BEGIN INFORMATION

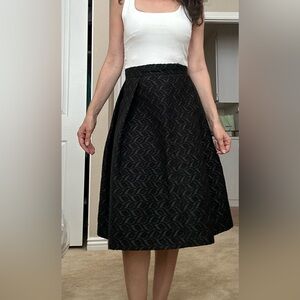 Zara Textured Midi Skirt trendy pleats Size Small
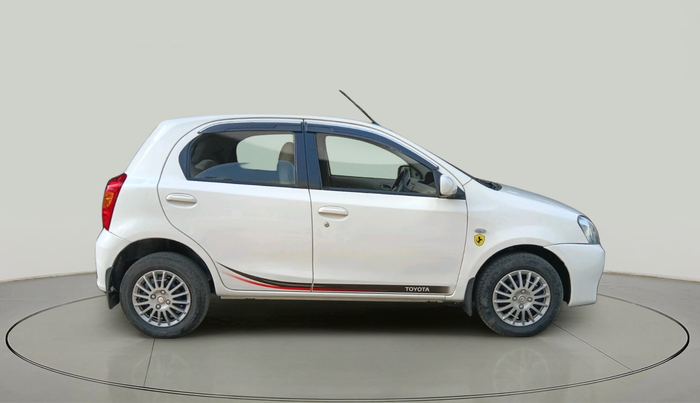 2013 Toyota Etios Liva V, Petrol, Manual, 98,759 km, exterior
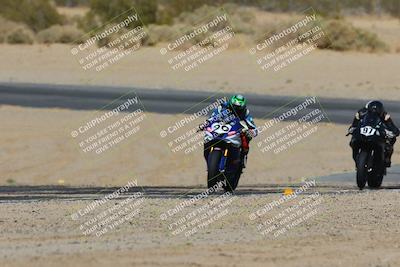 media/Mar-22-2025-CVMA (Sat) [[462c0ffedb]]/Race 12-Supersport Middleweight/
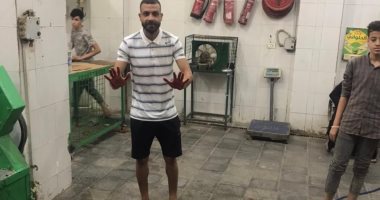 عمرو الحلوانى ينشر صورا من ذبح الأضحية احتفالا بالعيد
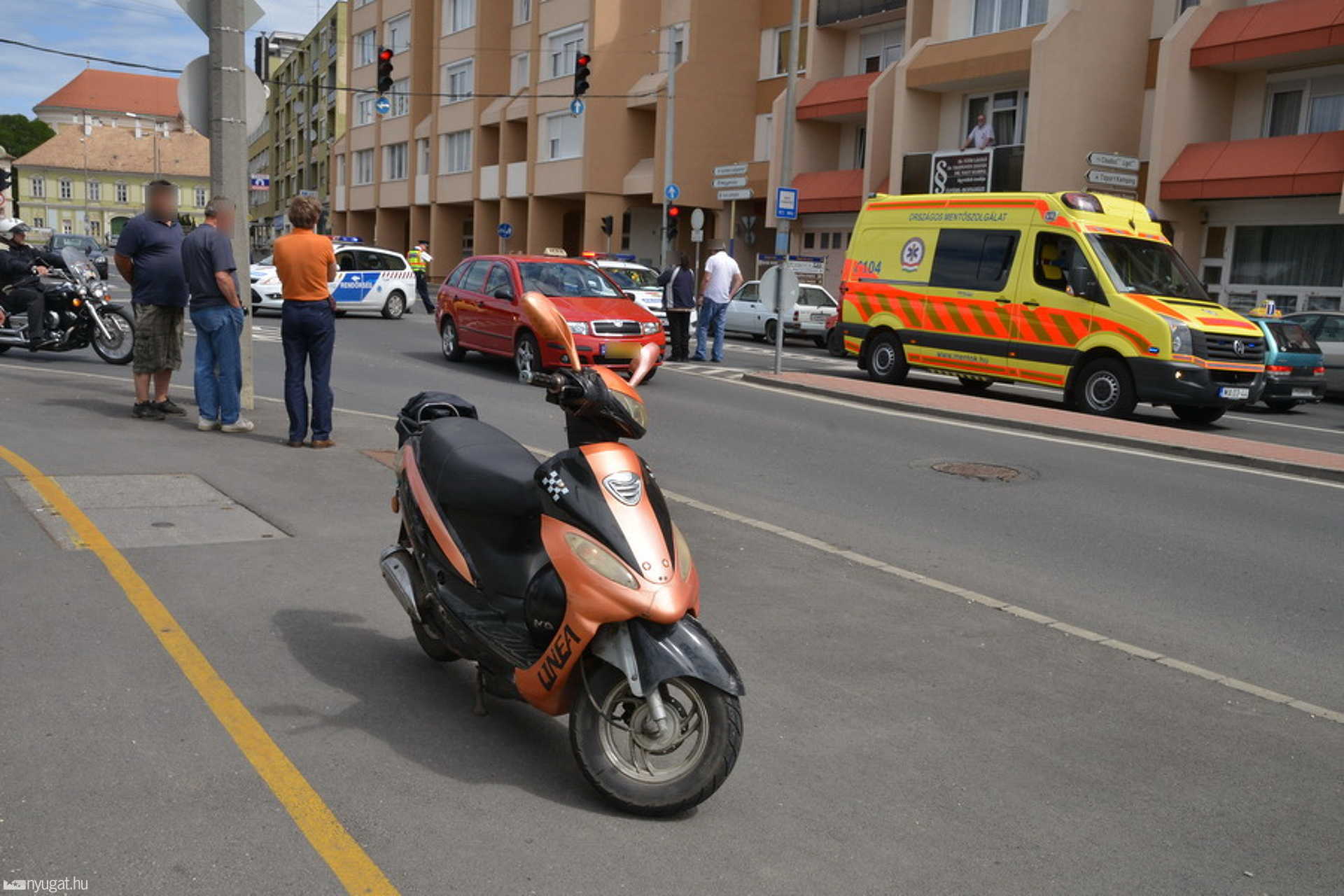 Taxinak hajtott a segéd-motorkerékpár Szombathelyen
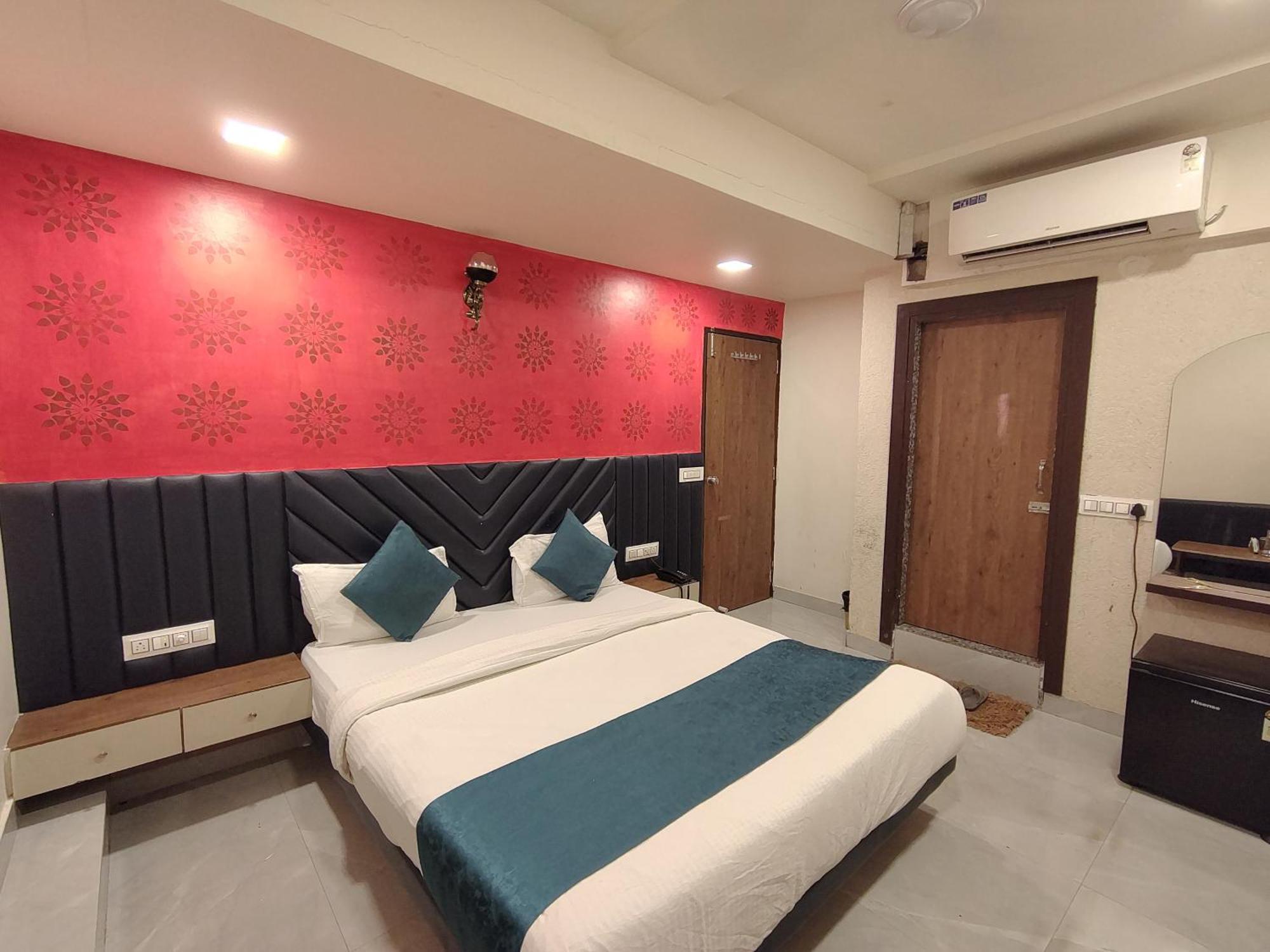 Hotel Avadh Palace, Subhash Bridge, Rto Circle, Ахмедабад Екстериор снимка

END INFORMATION
BEGIN INFORMATION

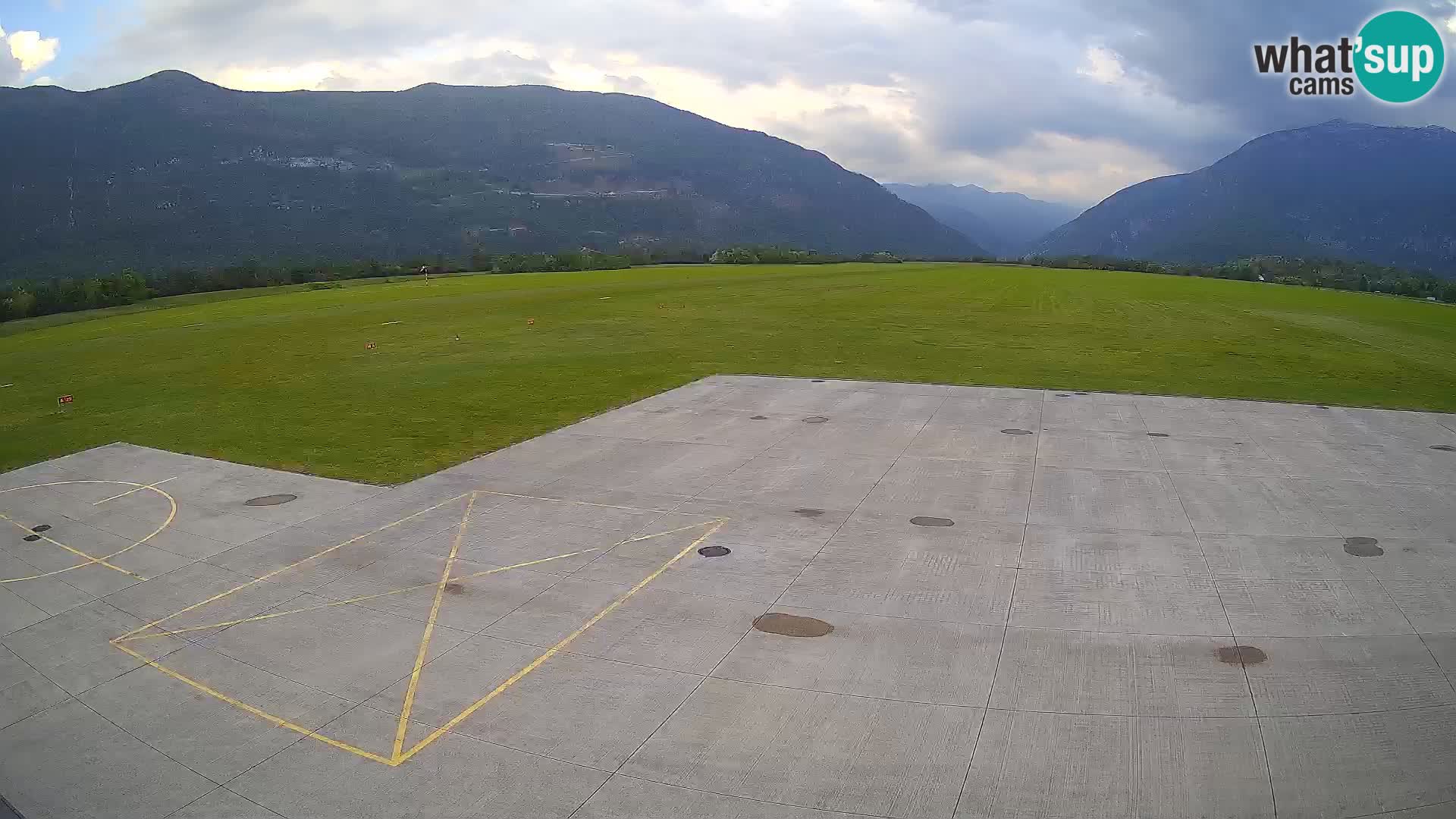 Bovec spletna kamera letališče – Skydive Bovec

END INFORMATION
BEGIN INFORMATION

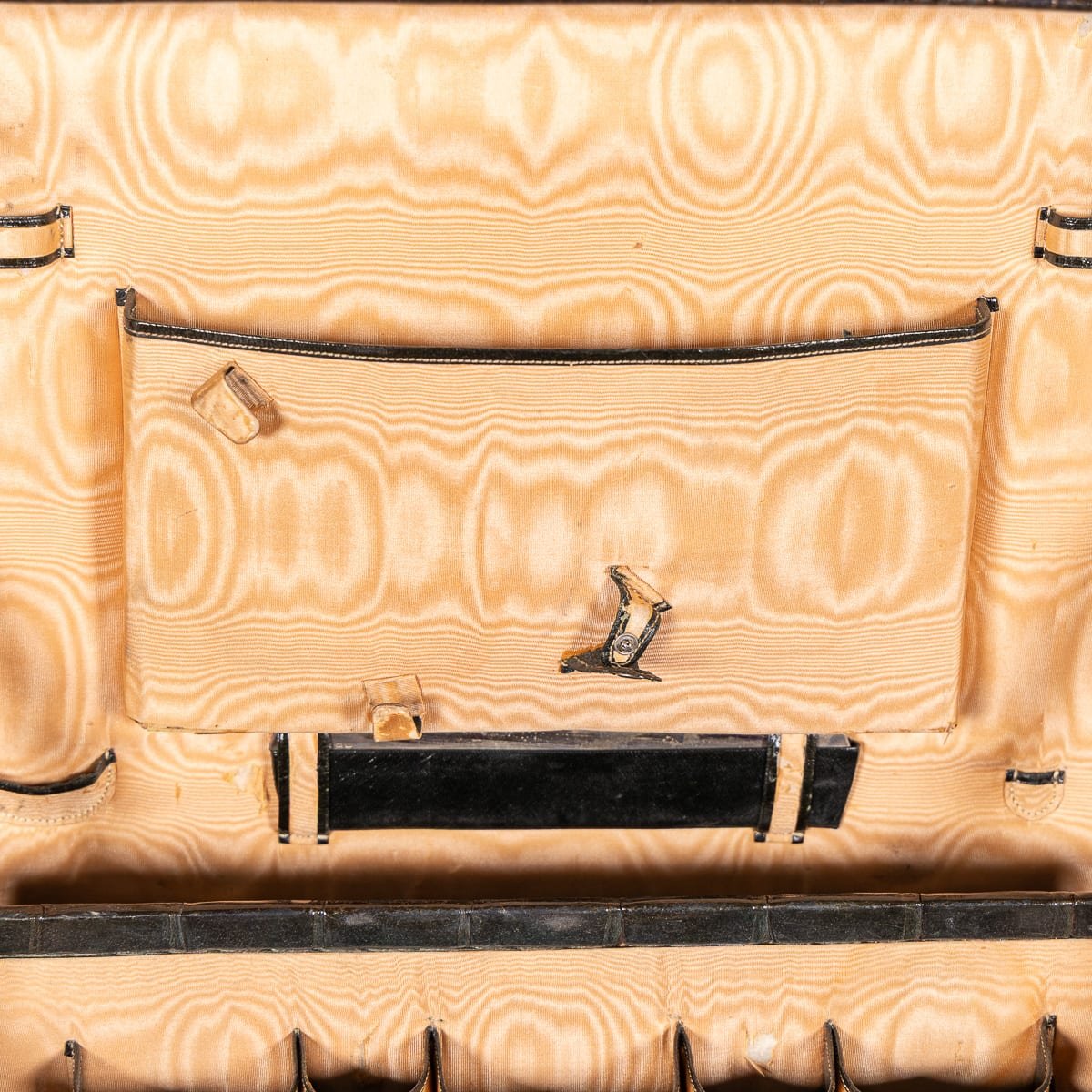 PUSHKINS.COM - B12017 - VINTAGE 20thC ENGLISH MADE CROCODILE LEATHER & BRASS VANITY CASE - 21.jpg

END INFORMATION

* WHAT YOU ARE ASKED TO DO *
Go to the line above that has "2013 Toyota Etios" and copy exactly from there down to the line that has "Hotel Avadh Palace, Subhash", both included. Leave the pictures out.

* RESPONSE BELOW *
 2013 Toyota Etios Liva V, Petrol, Manual, 98,759 km, exterior
 media/Mar-22-2025-CVMA (Sat) [[462c0ffedb]]/Race 12-Supersport Middleweight/
 عمرو الحلوانى ينشر صورا من ذبح الأضحية احتفالا بالعيد
 Taxinak hajtott a segéd-motorkerékpár Szombathelyen
 Hotel Avadh Palace, Subhash Bridge, Rto Circle, Ахмедабад Екстериор снимка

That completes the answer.